Using the material below, print the line that contains "Sendschreiben von Georg", the line that contains "Massive ancient Roman", and every line in between, exactly and nothing else.

*Available data*
----------
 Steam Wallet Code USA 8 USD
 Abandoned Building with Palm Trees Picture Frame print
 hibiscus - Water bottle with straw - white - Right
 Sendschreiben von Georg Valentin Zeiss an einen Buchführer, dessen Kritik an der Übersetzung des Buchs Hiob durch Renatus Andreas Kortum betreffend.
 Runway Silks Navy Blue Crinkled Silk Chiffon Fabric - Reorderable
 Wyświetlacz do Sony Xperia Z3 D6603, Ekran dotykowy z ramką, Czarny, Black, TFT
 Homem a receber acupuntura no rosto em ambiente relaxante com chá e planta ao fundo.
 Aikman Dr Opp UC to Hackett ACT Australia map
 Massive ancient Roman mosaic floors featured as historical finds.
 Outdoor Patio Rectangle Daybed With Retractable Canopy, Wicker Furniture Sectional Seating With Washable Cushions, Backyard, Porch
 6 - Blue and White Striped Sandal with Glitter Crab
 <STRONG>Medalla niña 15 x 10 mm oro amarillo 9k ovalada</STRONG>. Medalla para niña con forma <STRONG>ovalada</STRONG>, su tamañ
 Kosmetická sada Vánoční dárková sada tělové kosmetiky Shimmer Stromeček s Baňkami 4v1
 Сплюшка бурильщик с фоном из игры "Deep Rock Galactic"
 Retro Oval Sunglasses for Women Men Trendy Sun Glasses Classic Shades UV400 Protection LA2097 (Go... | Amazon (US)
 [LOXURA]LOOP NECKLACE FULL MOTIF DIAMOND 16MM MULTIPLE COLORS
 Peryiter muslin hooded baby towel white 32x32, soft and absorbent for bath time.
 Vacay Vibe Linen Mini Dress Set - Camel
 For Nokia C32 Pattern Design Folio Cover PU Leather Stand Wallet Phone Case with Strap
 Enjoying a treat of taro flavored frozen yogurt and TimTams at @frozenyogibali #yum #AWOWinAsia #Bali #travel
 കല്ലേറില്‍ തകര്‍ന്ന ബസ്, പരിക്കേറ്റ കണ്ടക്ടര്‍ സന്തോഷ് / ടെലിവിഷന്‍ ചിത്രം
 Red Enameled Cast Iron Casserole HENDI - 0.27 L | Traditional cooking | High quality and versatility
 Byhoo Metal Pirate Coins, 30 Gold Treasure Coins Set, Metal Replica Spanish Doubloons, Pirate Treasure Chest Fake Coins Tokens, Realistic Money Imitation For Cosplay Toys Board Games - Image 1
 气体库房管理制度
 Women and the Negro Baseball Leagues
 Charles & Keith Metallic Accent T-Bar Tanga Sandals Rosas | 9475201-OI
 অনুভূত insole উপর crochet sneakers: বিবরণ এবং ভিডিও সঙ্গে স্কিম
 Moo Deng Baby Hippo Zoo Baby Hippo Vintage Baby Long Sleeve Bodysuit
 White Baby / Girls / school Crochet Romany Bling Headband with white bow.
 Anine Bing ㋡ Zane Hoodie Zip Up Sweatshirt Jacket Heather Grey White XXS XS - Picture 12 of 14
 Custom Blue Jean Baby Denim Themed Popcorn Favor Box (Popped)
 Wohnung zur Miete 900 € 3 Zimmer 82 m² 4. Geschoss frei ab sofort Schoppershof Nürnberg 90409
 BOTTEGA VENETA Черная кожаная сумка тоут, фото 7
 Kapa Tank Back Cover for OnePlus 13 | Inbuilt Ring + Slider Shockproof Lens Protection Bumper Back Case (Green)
----------
*Problem solution*
 Sendschreiben von Georg Valentin Zeiss an einen Buchführer, dessen Kritik an der Übersetzung des Buchs Hiob durch Renatus Andreas Kortum betreffend.
 Runway Silks Navy Blue Crinkled Silk Chiffon Fabric - Reorderable
 Wyświetlacz do Sony Xperia Z3 D6603, Ekran dotykowy z ramką, Czarny, Black, TFT
 Homem a receber acupuntura no rosto em ambiente relaxante com chá e planta ao fundo.
 Aikman Dr Opp UC to Hackett ACT Australia map
 Massive ancient Roman mosaic floors featured as historical finds.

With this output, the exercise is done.